> DATA LISTING
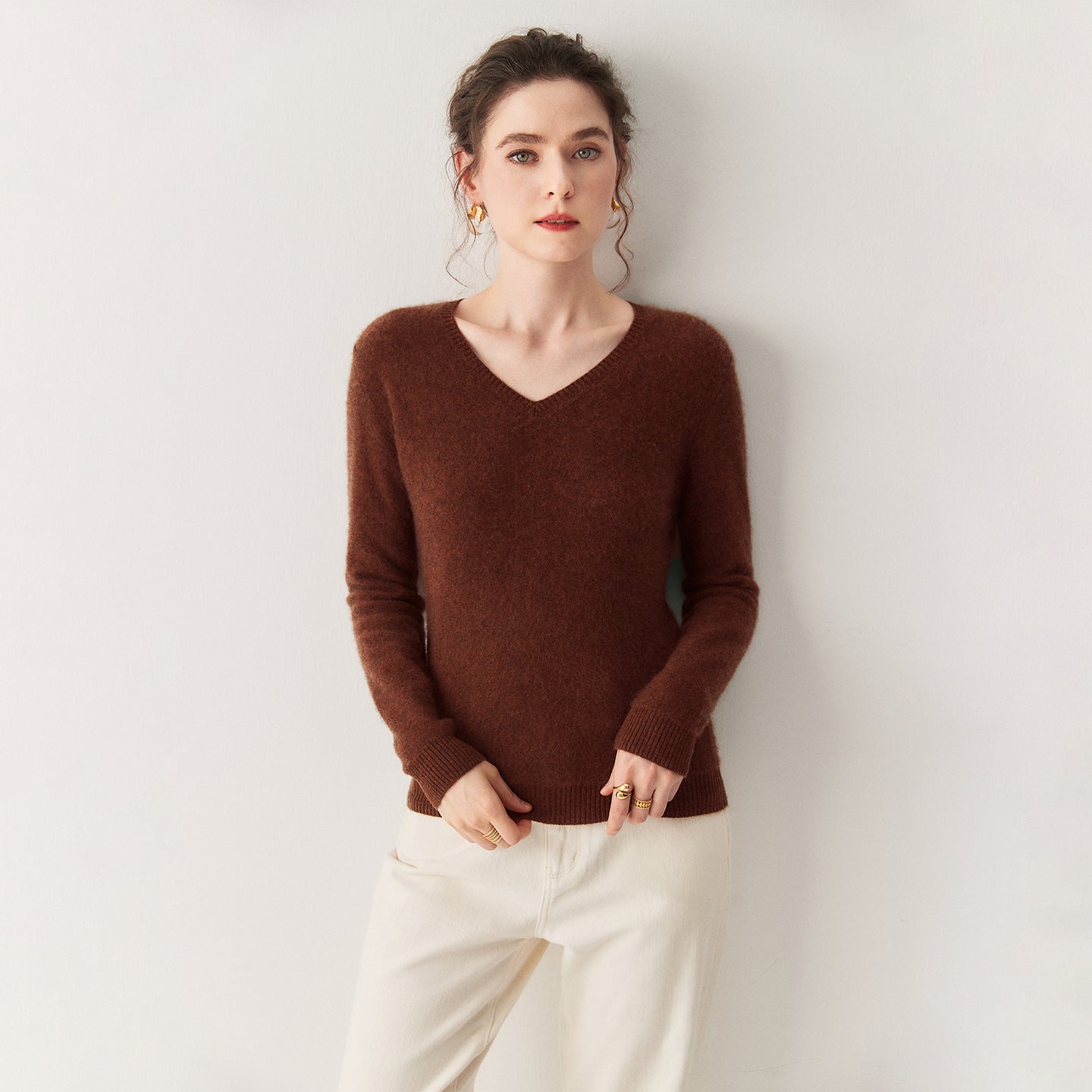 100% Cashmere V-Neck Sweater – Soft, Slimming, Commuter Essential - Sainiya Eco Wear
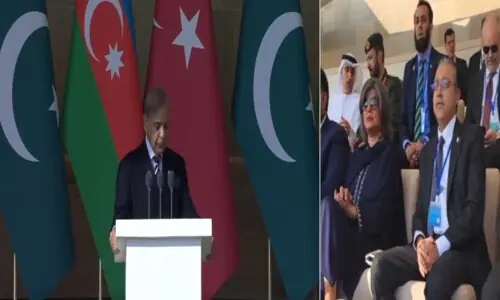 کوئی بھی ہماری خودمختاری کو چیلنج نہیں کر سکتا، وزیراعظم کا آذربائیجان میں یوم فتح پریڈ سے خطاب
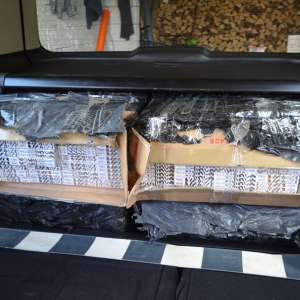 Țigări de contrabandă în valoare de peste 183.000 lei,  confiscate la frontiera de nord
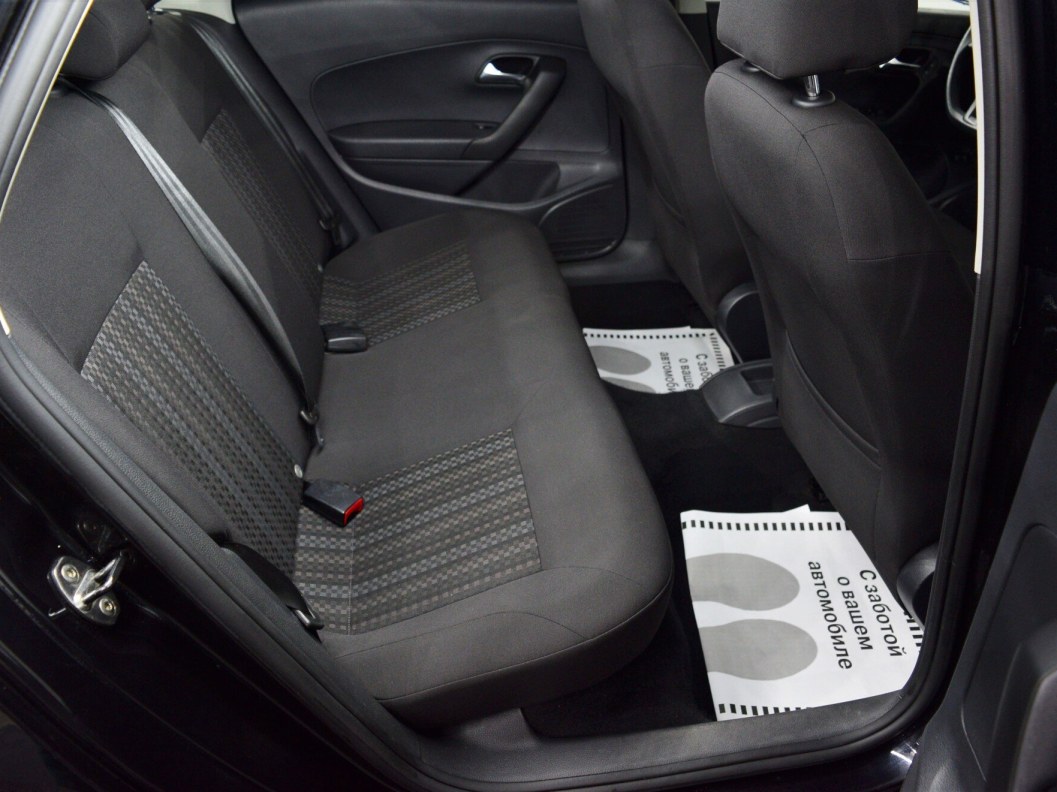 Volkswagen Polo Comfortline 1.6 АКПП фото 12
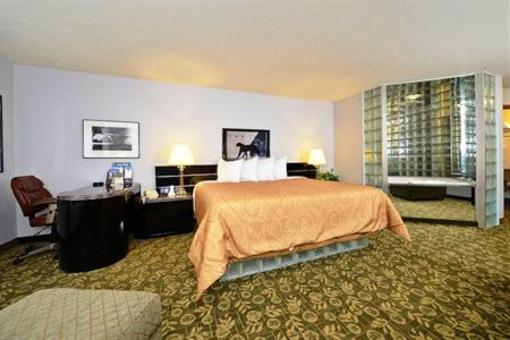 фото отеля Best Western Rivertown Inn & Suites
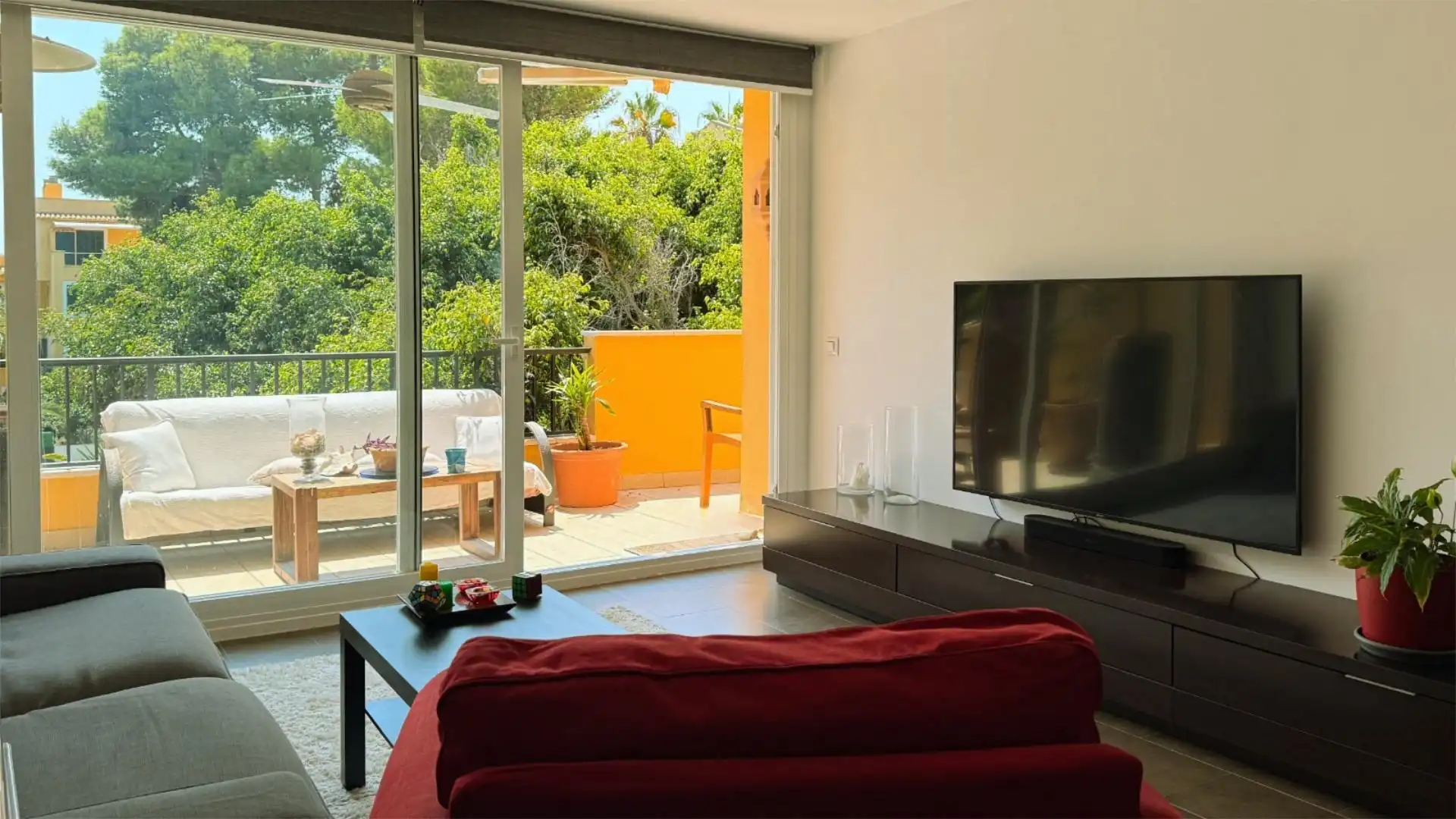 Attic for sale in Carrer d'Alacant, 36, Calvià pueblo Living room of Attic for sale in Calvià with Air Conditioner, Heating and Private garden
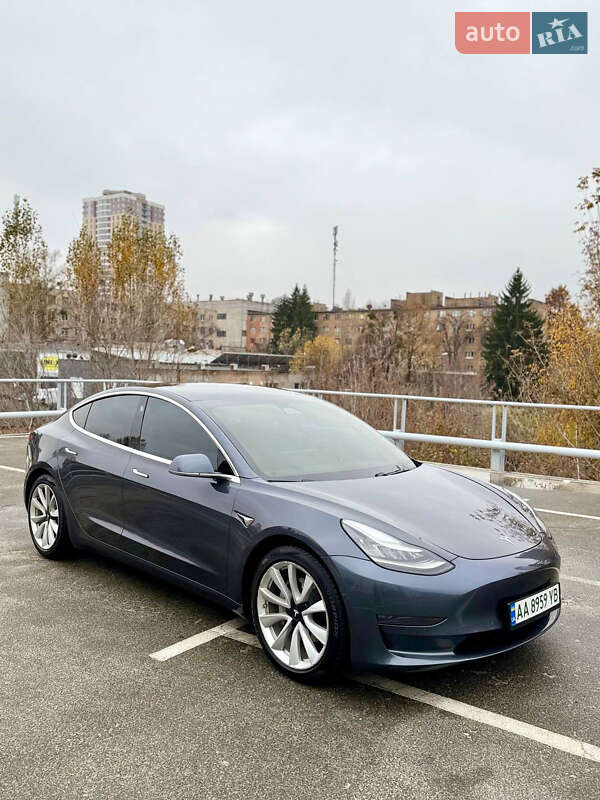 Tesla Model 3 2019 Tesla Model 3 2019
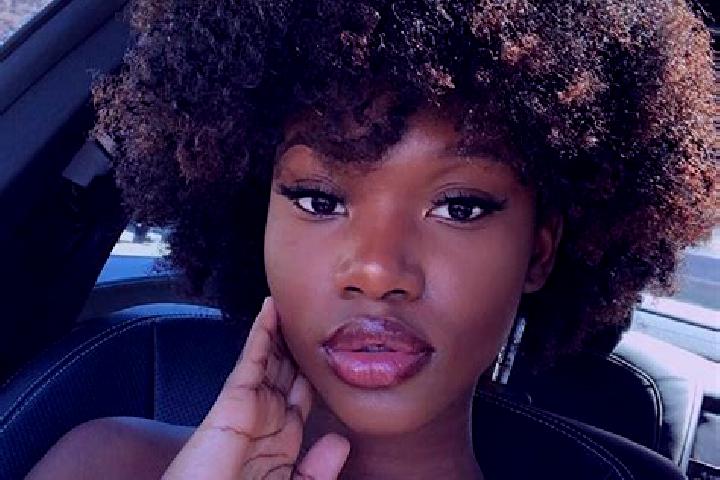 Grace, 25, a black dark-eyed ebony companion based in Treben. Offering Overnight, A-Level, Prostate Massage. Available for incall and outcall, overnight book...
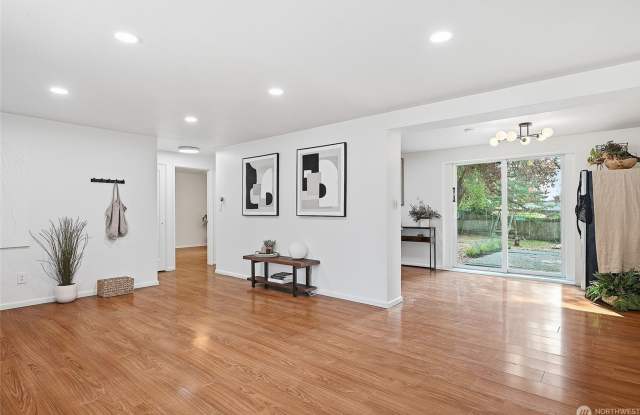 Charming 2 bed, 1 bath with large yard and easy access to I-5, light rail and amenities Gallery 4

> WHAT IS BEING ASKED
Using the listing above, repeat word for word each line from the one with "کوئی بھی ہماری" down to the one with "Tesla Model 3 2019 Tesla Model 3 2019", both included. Omit all pictures.

> TASK RESULT
 کوئی بھی ہماری خودمختاری کو چیلنج نہیں کر سکتا، وزیراعظم کا آذربائیجان میں یوم فتح پریڈ سے خطاب
 Țigări de contrabandă în valoare de peste 183.000 lei,  confiscate la frontiera de nord
 Volkswagen Polo Comfortline 1.6 АКПП фото 12
 фото отеля Best Western Rivertown Inn & Suites
 Attic for sale in Carrer d'Alacant, 36, Calvià pueblo Living room of Attic for sale in Calvià with Air Conditioner, Heating and Private garden
 Tesla Model 3 2019 Tesla Model 3 2019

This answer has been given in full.